Premiato a Dubai con il Globe Soccer in qualità di miglior calciatore dell'anno, l'asso portoghese ha dichiarato: "I numeri parlano da soli: ciò che ho fatto vale più dei riconoscimenti individuali. Mi piace vincere sempre, ma non dipende da me"

Premiato a Dubai con il Globe Soccer in qualità di miglior calciatore dell’anno, già proiettato al rush finale del Pallone d’Oro. In un’intervista al quotidiano portoghese “A Bola”, Cristiano Ronaldo “reclama” il riconoscimento più prestigioso, che verrà assegnato il prossimo 13 gennaio. “Non so se lo merito quest’anno – ha ironizzato la stella del Real Madrid - sono sul podio da sei stagioni, per la settima o ottava volta sono nella squadra ideale della FIFPro. Non ho nient’altro da dire, i numeri parlano da soli.
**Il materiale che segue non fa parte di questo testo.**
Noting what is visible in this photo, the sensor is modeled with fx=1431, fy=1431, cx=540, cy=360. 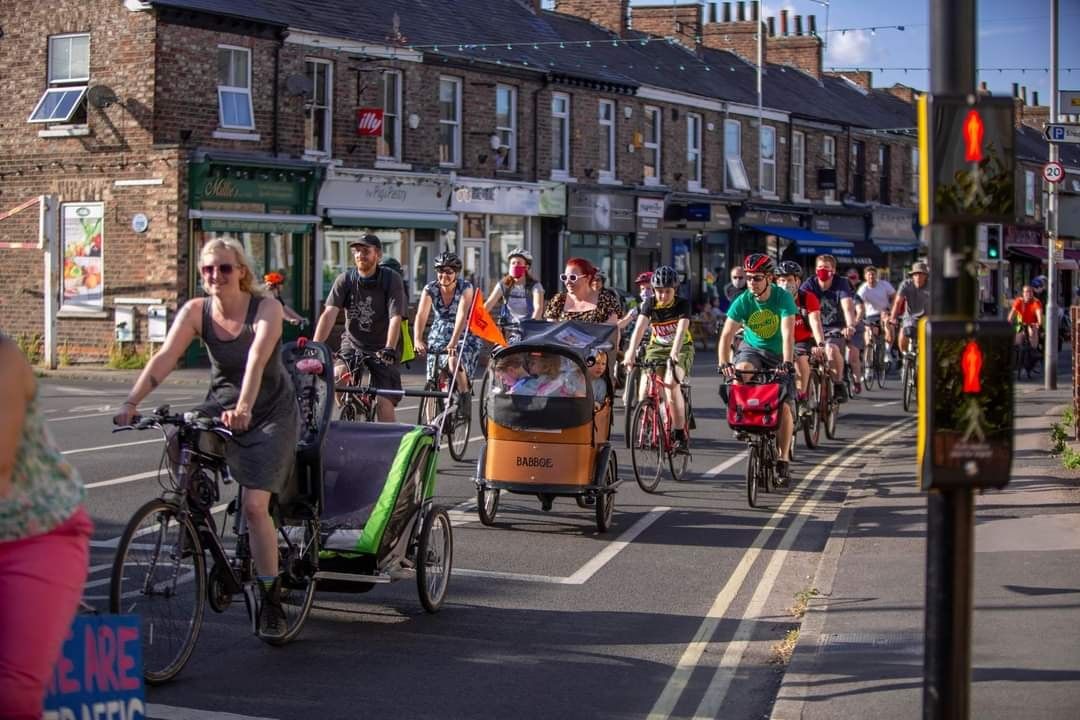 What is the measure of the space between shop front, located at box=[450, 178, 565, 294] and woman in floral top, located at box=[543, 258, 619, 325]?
68.3 feet

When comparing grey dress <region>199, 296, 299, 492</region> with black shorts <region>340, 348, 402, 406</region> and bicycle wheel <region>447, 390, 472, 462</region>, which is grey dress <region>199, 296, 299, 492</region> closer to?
black shorts <region>340, 348, 402, 406</region>

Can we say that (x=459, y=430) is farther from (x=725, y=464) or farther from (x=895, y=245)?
(x=895, y=245)

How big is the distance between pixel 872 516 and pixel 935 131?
7017 mm

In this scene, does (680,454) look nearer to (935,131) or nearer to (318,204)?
(935,131)

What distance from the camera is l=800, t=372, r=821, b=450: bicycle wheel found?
15349 mm

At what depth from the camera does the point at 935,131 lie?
4164 millimetres

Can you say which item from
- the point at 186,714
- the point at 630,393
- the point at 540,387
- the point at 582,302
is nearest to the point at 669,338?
the point at 582,302

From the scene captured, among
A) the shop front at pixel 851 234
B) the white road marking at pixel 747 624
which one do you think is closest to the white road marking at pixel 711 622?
the white road marking at pixel 747 624

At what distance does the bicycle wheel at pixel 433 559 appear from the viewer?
748 centimetres

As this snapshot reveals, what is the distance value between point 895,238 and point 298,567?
50254 millimetres

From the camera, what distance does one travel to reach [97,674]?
13.6 feet

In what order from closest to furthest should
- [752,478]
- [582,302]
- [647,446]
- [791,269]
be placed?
[752,478]
[647,446]
[582,302]
[791,269]

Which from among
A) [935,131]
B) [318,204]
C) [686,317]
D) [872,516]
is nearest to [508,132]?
[318,204]

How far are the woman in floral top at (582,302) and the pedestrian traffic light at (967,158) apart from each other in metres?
8.19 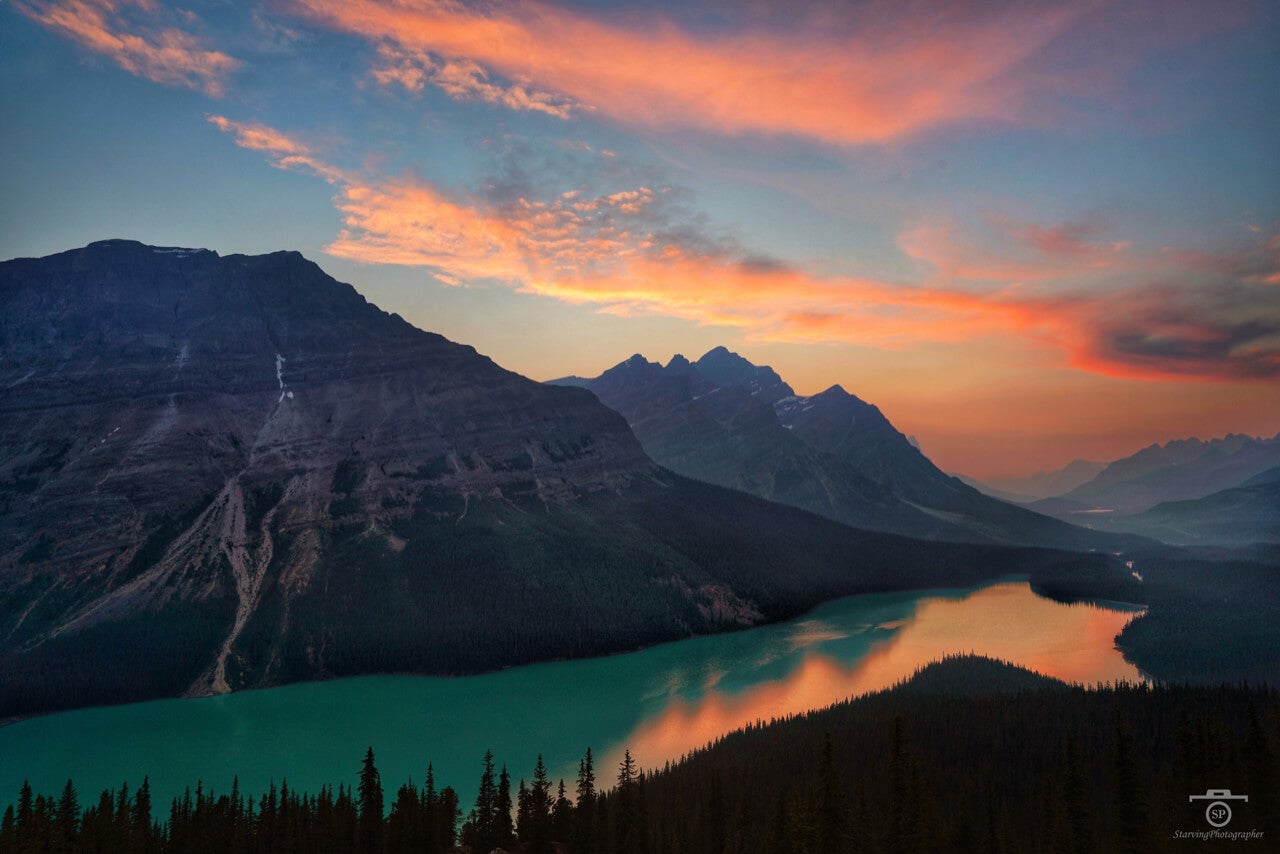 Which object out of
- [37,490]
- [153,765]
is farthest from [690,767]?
[37,490]

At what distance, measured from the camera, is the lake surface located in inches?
4016

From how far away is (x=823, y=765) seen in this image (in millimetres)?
50156

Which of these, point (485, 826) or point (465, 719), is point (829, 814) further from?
point (465, 719)

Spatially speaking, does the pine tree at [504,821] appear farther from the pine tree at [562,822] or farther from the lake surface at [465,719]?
the lake surface at [465,719]

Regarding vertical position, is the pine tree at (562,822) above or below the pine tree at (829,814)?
below

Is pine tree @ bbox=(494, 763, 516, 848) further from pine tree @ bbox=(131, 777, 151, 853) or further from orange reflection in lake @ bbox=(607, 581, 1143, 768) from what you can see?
orange reflection in lake @ bbox=(607, 581, 1143, 768)

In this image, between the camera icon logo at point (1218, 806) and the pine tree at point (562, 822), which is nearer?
the camera icon logo at point (1218, 806)

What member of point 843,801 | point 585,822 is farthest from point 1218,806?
point 585,822

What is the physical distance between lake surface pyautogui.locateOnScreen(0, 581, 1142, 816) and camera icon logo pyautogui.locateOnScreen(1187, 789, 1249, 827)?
62.4 m

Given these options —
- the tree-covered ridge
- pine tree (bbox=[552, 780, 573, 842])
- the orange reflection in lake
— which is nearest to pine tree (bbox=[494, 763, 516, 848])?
the tree-covered ridge

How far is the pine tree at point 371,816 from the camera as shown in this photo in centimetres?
5988

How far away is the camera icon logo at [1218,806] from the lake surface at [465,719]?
62385 mm

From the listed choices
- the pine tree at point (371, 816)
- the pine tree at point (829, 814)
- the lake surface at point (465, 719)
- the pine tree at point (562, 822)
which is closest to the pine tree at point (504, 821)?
the pine tree at point (562, 822)

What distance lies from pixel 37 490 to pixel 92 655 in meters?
58.1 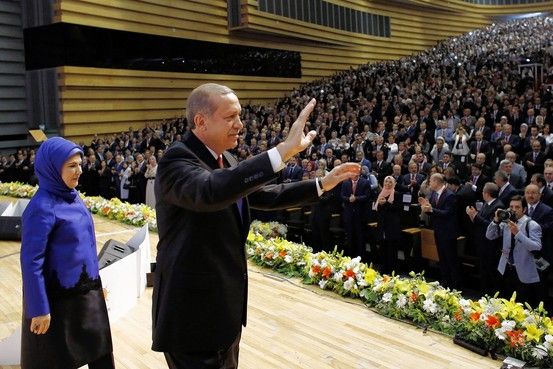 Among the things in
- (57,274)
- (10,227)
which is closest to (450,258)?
(57,274)

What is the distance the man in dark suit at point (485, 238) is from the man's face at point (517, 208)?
1.82 ft

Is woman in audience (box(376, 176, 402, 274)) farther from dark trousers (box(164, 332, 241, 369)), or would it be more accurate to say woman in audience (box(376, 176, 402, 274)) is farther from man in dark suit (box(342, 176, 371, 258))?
dark trousers (box(164, 332, 241, 369))

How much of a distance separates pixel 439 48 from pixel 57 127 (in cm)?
1758

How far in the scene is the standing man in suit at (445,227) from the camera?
6.08 meters

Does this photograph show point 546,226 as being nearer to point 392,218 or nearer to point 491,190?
point 491,190

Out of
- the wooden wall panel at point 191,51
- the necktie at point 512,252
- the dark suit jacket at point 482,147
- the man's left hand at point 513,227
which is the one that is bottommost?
the necktie at point 512,252

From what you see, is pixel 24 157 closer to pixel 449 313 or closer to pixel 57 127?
pixel 57 127

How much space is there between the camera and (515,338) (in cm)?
300

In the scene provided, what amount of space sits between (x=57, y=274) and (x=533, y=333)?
2408 mm

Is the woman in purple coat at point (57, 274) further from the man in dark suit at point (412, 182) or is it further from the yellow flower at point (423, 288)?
the man in dark suit at point (412, 182)

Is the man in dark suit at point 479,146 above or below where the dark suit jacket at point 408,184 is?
above

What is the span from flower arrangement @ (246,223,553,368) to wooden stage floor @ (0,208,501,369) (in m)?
0.09

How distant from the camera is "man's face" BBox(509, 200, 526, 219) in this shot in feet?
16.5

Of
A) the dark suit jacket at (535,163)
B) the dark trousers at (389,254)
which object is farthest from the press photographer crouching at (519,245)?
the dark suit jacket at (535,163) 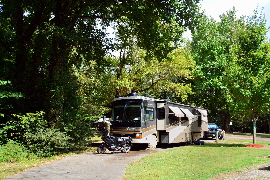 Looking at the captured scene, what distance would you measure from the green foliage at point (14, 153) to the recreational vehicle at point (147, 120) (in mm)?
5960

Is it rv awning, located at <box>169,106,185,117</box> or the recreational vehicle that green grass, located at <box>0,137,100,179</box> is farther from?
rv awning, located at <box>169,106,185,117</box>

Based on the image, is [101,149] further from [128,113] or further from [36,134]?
[36,134]

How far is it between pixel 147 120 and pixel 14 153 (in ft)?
27.3

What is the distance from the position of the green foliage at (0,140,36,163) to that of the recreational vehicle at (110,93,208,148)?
5960 mm

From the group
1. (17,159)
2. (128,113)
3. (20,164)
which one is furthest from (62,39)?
(20,164)

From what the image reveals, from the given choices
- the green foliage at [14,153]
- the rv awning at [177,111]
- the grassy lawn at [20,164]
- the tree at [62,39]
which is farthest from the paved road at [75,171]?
the rv awning at [177,111]

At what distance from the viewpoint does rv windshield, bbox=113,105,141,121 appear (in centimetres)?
1878

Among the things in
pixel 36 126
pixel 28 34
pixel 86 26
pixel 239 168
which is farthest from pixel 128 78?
pixel 239 168

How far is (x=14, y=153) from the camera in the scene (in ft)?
45.4

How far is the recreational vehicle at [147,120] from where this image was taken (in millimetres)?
18641

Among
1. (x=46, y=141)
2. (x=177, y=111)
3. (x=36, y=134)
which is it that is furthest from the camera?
(x=177, y=111)

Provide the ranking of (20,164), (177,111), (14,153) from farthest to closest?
1. (177,111)
2. (14,153)
3. (20,164)

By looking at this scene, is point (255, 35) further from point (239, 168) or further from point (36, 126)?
point (36, 126)

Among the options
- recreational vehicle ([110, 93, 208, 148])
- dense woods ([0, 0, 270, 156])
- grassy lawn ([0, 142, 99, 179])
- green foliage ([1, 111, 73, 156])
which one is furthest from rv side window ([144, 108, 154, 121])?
grassy lawn ([0, 142, 99, 179])
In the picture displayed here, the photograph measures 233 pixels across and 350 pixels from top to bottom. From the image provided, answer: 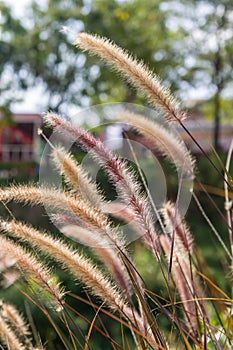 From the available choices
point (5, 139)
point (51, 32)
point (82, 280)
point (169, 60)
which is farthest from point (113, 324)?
point (5, 139)

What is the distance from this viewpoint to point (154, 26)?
12430 mm

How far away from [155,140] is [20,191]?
0.49 meters

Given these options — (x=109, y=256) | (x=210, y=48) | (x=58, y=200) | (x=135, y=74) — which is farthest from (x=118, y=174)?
(x=210, y=48)

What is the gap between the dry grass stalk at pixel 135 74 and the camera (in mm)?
1125

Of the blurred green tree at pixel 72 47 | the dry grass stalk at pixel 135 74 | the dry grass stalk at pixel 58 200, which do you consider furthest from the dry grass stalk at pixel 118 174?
the blurred green tree at pixel 72 47

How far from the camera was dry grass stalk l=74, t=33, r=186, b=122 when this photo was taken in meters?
1.12

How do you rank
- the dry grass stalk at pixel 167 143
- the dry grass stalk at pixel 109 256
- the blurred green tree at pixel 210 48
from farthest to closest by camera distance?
1. the blurred green tree at pixel 210 48
2. the dry grass stalk at pixel 167 143
3. the dry grass stalk at pixel 109 256

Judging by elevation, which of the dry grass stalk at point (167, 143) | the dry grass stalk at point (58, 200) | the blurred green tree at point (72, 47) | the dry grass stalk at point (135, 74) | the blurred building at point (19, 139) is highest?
the blurred green tree at point (72, 47)

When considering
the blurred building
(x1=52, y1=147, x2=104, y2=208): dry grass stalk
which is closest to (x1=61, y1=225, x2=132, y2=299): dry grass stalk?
(x1=52, y1=147, x2=104, y2=208): dry grass stalk

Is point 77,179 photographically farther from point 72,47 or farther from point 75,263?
point 72,47

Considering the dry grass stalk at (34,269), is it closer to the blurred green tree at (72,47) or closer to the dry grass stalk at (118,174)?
the dry grass stalk at (118,174)

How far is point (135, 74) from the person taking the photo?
113cm

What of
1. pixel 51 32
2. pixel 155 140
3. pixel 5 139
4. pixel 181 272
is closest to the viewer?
pixel 181 272

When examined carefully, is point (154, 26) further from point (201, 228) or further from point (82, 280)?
point (82, 280) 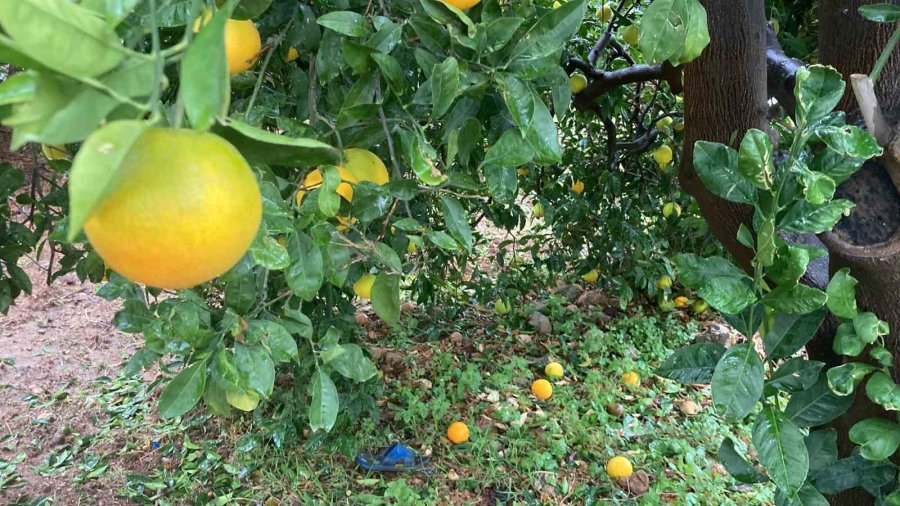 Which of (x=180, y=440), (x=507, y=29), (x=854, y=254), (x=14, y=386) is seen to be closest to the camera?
(x=507, y=29)

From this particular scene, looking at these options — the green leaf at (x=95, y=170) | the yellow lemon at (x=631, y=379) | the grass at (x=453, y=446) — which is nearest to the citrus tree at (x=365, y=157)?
the green leaf at (x=95, y=170)

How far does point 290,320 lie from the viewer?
43.1 inches

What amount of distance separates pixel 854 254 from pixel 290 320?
1023mm

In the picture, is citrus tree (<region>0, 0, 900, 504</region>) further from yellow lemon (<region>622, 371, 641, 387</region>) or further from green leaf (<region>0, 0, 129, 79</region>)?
yellow lemon (<region>622, 371, 641, 387</region>)

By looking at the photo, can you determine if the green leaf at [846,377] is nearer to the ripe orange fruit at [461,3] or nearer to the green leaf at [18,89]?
the ripe orange fruit at [461,3]

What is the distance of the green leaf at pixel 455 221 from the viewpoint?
100cm

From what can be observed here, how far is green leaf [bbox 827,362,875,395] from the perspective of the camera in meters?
1.00

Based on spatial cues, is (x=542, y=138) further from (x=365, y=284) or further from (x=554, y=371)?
(x=554, y=371)

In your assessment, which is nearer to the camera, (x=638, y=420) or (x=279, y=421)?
(x=279, y=421)

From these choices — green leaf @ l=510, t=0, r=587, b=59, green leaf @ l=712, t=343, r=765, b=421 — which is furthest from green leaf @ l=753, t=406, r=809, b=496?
green leaf @ l=510, t=0, r=587, b=59

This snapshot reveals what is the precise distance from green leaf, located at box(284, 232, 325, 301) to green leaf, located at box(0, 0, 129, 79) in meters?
0.53

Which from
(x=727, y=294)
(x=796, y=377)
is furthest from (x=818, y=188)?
(x=796, y=377)

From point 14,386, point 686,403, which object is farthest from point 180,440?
point 686,403

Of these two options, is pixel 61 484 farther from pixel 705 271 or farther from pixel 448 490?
pixel 705 271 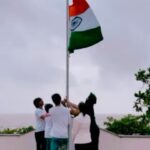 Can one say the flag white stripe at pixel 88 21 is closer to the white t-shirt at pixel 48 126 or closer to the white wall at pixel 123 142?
the white t-shirt at pixel 48 126

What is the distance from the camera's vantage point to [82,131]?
40.0ft

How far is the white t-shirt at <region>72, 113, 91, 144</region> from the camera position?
1216 cm

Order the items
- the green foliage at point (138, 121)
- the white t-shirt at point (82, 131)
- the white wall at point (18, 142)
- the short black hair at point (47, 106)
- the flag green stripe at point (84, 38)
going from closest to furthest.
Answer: the white t-shirt at point (82, 131), the short black hair at point (47, 106), the flag green stripe at point (84, 38), the white wall at point (18, 142), the green foliage at point (138, 121)

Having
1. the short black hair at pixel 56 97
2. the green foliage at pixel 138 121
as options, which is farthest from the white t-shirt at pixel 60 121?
the green foliage at pixel 138 121

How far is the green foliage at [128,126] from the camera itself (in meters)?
28.5

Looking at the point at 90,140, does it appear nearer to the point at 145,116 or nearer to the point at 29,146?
the point at 29,146

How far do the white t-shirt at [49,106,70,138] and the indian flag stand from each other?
1679mm

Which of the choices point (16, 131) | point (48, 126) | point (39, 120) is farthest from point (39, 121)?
point (16, 131)

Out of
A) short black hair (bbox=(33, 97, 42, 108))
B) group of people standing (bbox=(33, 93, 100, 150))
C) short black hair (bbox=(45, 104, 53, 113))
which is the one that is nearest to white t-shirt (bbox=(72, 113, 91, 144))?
group of people standing (bbox=(33, 93, 100, 150))

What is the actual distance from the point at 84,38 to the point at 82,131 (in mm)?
2754

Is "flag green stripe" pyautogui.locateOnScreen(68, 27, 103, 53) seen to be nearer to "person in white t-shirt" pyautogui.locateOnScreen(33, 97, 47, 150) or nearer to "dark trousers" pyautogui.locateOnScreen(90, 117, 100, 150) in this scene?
"person in white t-shirt" pyautogui.locateOnScreen(33, 97, 47, 150)

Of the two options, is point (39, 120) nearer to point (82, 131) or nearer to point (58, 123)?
point (58, 123)

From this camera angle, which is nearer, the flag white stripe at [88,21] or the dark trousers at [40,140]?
the dark trousers at [40,140]

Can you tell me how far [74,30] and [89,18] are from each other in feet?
1.18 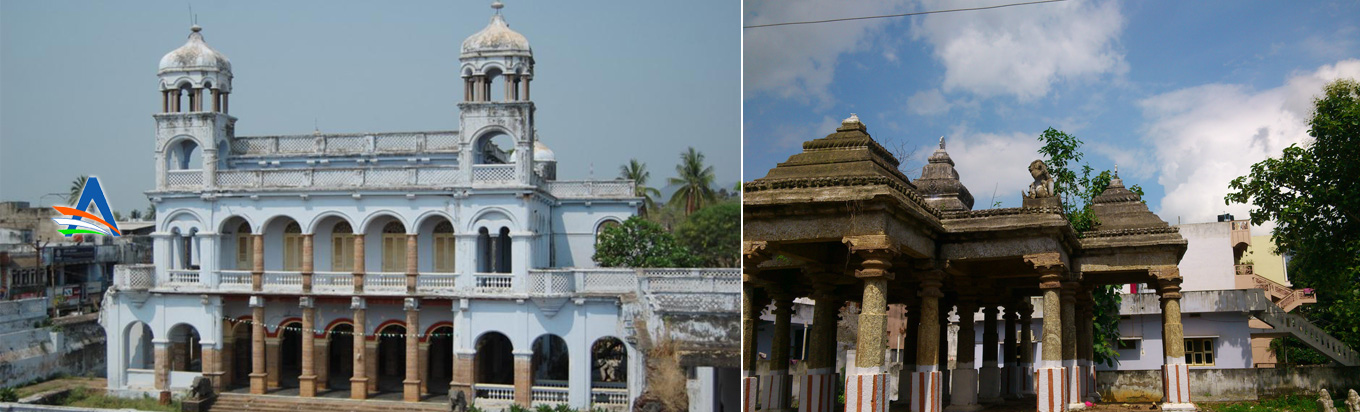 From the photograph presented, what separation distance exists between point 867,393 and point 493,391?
3244 mm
Ciò che ho fatto, in un certo senso, è più importante dei riconoscimenti individuali”. Il suo 2013 parla di 69 gol, mentre il Pallone d’Oro negli ultimi 4 anni è sempre finito nella bacheca di Leo Messi: “Merito di vincerlo? Forse sì, come lo scorso anno o come due anni fa. Credo che merito di vincerlo tutti gli anni. Mi piace vincere sempre, ma so che non dipende da me. A volte si perde, le cose vanno così” ha spiegato l’asso portoghese.     

“Nel 2014 voglio migliorare ancora” – In occasione della conferenza a Dubai, mediata dal designatore arbitrale Uefa Pierluigi Collina, Cristiano Ronaldo ha utilizzato un tono diverso: “Bisogna essere forti e restare concentrati in ogni momento. A volte mi piace vivere sotto pressione. Cerco sempre di migliorare, anche se non è facile centrare gli obiettivi. So che sarà difficile, ma cercherò di fare meglio rispetto a quello che ho fatto quest’anno. Del resto, è impossibile raggiungere un traguardo se non si prova”. Trascinato il Portogallo ai Mondiali, CR7 ha delineato anche il futuro della sua Nazionale: “Non siamo i favoriti in Brasile e questo può essere un vantaggio. È una situazione positiva. Spero che arrivi il momento del Portogallo così come è arrivato quello della Spagna. Nell’atmosfera distesa non sono mancate battute (“Il mio giocatore preferito? A parte me?”) e per sorrisi con Collina, definito un arbitro poco incline al dialogo: “Mi piacciono gli arbitri amichevoli” ha scherzato Cristiano Ronaldo.